There is no breach of procedural fairness
[26]
Second, Mr. Haba submits that the citizenship
judge breached his right to procedural fairness and violated the principles of
fundamental justice. He argues that a high standard of procedural fairness
should be applied to the decision-making process, and that such a standard was
not met. More specifically, Mr. Haba argues that the citizenship judge did not
allow him to adequately respond to questions and that the judge failed to
consider his explanations, particularly with respect to the entry stamps from
several countries that made it impossible to verify various travel dates.
[27]
I do not share Mr. Haba’s opinion on the second
ground for judicial review.
[28]
The duty to act fairly does not relate to the
merits or the content of a decision but, rather, to the process followed. This
duty is two-fold: the right to a fair and impartial hearing before an independent
tribunal and the right to be heard (Re Therrien, 2001 SCC 35 at para
82). The nature and scope of the duty of procedural fairness may vary depending
on the attributes of the administrative tribunal and its enabling statute, but
its requirements refer to the process and not to the substantive rights
determined by the tribunal. The principle of procedural fairness protects
individuals and allows for the Court’s intervention when necessary, when a
decision does not respect a litigant’s right to a fair and equitable procedure.
[29]
Mr. Haba’s written submissions on this issue of
procedural fairness caused some confusion. While the Minister understood them
to be a ground invoking bias by the citizenship judge, Mr. Haba specified
during the hearing before this Court that he was in fact complaining that his
right to be heard had been violated. In any event, whether under any aspect of
procedural fairness, I find that the citizenship judge’s decision not to pursue
Mr. Haba’s citizenship application does not violate either aspect of procedural
fairness. There is no evidence of bias on the part of the decision-maker or of
Mr. Haba’s failure to be heard, nor any suspicion of unfair treatment against
him.
[30]
I acknowledge that, if the allegations made by
Mr. Haba in his affidavit supporting his application for judicial review were
true, they would indeed be troubling. It notes [translation]
“an extremely aggressive
and disrespectful approach” towards him, that
the citizenship judge “did not
let him answer questions and gave him the impression that she had already
decided the outcome of his application” and that
he was allegedly prevented from clarifying certain points, such as explaining
his arrival to the country and his search for employment. However, based on the
citizenship’s judge interview notes (which are included
in the decision), it appears that the hearing before the judge in no way
unfolded according to the bitter impression that Mr. Haba apparently retains. Far
from it.
[31]
In a compelling, meticulous and highly effective
exercise before this Court, counsel for the Minister skillfully went through
the citizenship judge’s interview notes and deconstructed Mr. Haba’s patchwork
allegations. She very convincingly showed that the judge systematically gave
Mr. Haba the chance to be heard and that the grievances that Mr. Haba is
raising today are unfounded and are more the result of a perversion of reality.

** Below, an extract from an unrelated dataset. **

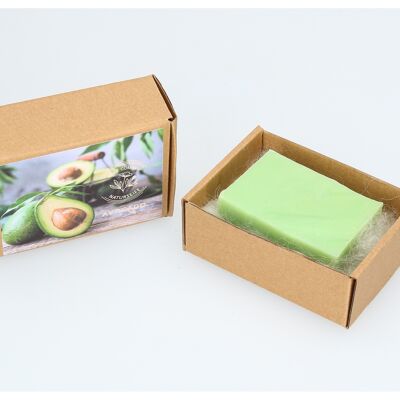 Avocado soap in a gift box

The citizenship judge’s notes are full of examples that establish that she
actually took the time to thoroughly analyze Mr. Haba’s file despite his
repeated attempts to sidestep certain questions and his failure to answer some
of them. If, on the mere reading of Mr. Haba’s affidavit, doubts could have
arisen as to compliance with Mr. Haba’s right to a full hearing, an analysis of
the record and interview notes would have quickly dispelled them.
[32]
Ultimately, when the record is read as a whole,
I am satisfied that there is no reason to believe that the citizenship judge
breached the principles of procedural fairness. Mr. Haba had the opportunity to
respond and explain himself, whether regarding his incorrect residency
calculations, the stamps in his passport or his assertions that some of the
countries that he visited in Europe do not automatically stamp passports. Mr.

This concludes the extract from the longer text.